I have a lot of clothes. Seriously. Two closets. Two dressers. All stuffed. Lots.Of.Clothes. At the end of January I decided that during February I would not buy any new clothes. None. No jeans. No dresses. Nothing.
This is the hardest choice I have ever made. Not really, but at the store I work at-and buy most of my clothes at- we have been getting all of our spring/early summer clothes in. It's killing me.
I have purposely not been walking around the store looking at the new clothes because I know I will just want them all! March 1 can not come soon enough!
I keep telling myself that if I really need something, than it will be there next month. I do not want to be so dependent upon buying new clothes all the time. Honestly, I see it as a form of insecurity in my life. I buy new clothes because I get this idea in my head that if I look a certain way than people will like me more. Forcing myself to be content with what I have is also forcing me to be content with myself.
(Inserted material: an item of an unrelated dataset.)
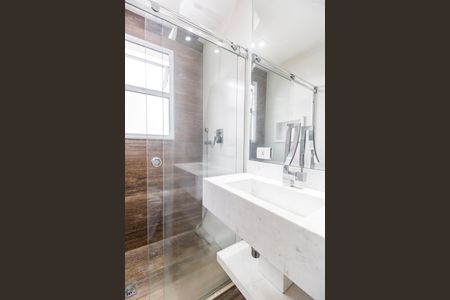 Apartamento para alugar com 98m², 2 quartos e 2 vagas Apartamento para alugar com 98m², 2 quartos e 2 vagasBanheiro 2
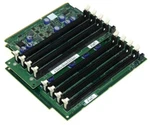 Memory Riser Dell 0JF807 0M9008 3/4 Precision 690. Fixed Price $142.31.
It makes me realize that if someone is only friends with me because of my [rather fabulous] wardrobe, they are probably not someone i want to be friends with for long.
This also goes along with the verse that I am focusing on the last two weeks of February. Hebrews 13:5 "Keep you lives free from the love of money and be content with what you have, because God has said, "Never will I leave you; never will I forsake you." I am working on being content with what I have and not needing the approval of others to be happy.
Are you trying to build character in your life this month? What are you focusing on?
Hannah, thanks so much for commenting on my blog! I always enjoy connecting with readers. You know, I think everyone has their weakness that they compulsively follow - buying things or whatever. Me? I spend too much time online :) I hope you'll come back and add the conversation again. See you around!